Musique comme exercice de souf­france volontaire, mais aussi pour rappel de soi, deux conditions travail, vous connaître ?

(Ici je suis bien obligé de confronter la situation classique et la moderne. Non que la musique ne me fasse pas souffrir tout mon content mais allons-nous y re­trouver le miraculeux équilibre des trois plans ?)

Nous avons gravement perturbé la relation entre corps, sentiment et men­tal, dis-je à Monsieur Gurdjieff, par l’in­troduction des machines.

Instruments de musique, aussi ma­chines, répond Mr G.

Les machines sont comme les gens, dis-je. Il y en a de bonnes et de mau­vaises. Ou plus exactement, il y en a qui favorisent un bon travail, et d’autres qui le pourrissent, qui le déséquilibrent.

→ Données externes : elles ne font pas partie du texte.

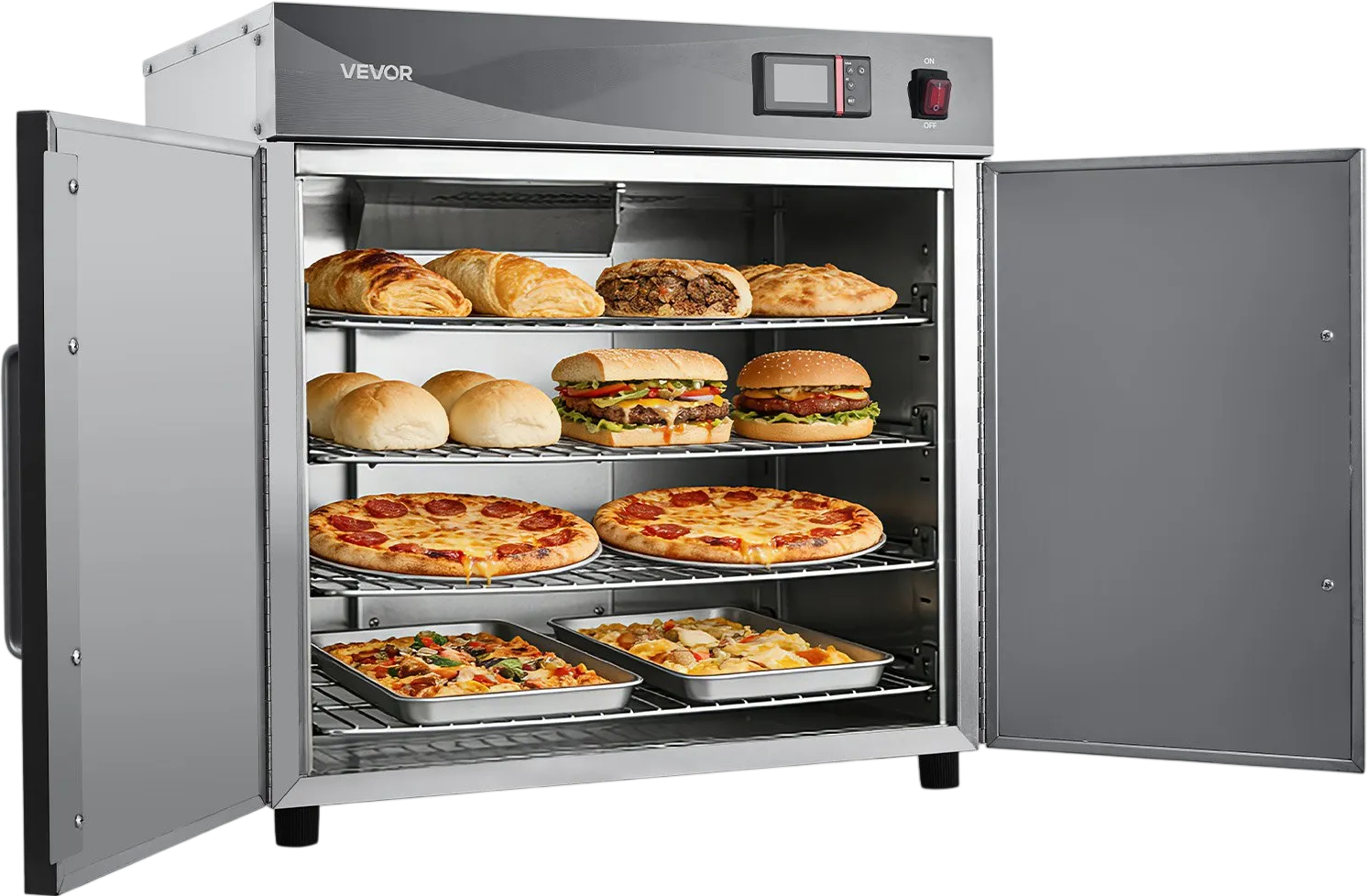 Vevor Electric Hot Box Food Warmer 4-Tier 80-185°F with Water Tray Double Doors 800W New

Vous ingénieur, je crois, dit Mr Gurd­jieff, en accentuant sa bienveillante ironie, alors vous, faire bonnes machines… (C’est sur ce conseil, imparable, que j’ai quitté Mr Gurdjieff, désormais trop éloi­gné pour m’être directement utile. D’ail­leurs, un homme qui a eu la chance d’en rencontrer un autre, ne doit-il pas voyager seul ?)

Et si je termine ici cet entretien, ce n’est pas que le jeu a assez duré, c’est bien que tout est dit, ou presque, que le mystère reste entier. Ou encore qu’on n’apprend pas la musique par correspondance.

En repensant à la métaphore de la gamme, je considère toute la musique dans cette perspective, C’est finalement assez simple. Le premier « demi-ton » à franchir est celui des sons, il s’agit de tirer de l’indistinct des sons dignes de la musique, intéressants, mettons, tout sim­plement « convenables » (qui lui convien­nent). Une fois cet intervalle franchi, on trouve le second demi-ton, la seconde coupure de tout développement : que ces sons ensemble soient musicaux, fassent de la musique. L’époque contemporaine, si féconde en sons nouveaux, en procé­dures apparemment puissantes, a bien franchi le premier demi-ton, mais pas du tout le second… Cruelle intervention, ve­nue d’ailleurs, nous apportera le souffle, la grâce, et ce qui nous manque le plus, l’intelligence du cœur ?

Il faudrait terminer, ci, sur un air d’Asie mineure. Il faudrait redescendre les esca­liers du souvenir, à Pleyel, avec dans les oreilles quelques accords de Hartman sur les thèmes de Gurdjieff. Les gammes mi­neures, comme on sait, surtout ancienne manière, avec leur seconde augmentée, s’en payent trois, des demi-tons, histoire d’augmenter la difficulté ! C’est sans doute ce qui leur donne cette couleur violette, cette nostalgie crépusculaire, mais aussi ce piquant, cet acide. Asie mineure, comme c’est bien dit, pour qua­lifier ce mode, pour cette musique qui vient de là-bas, tant bien que mal, à tra­vers déserts et montagnes, avec le pas des chameliers, sur les traces à jamais effacées de nos secrets, puisque nous sommes oublieux à ce point d’avoir perdu nos origines.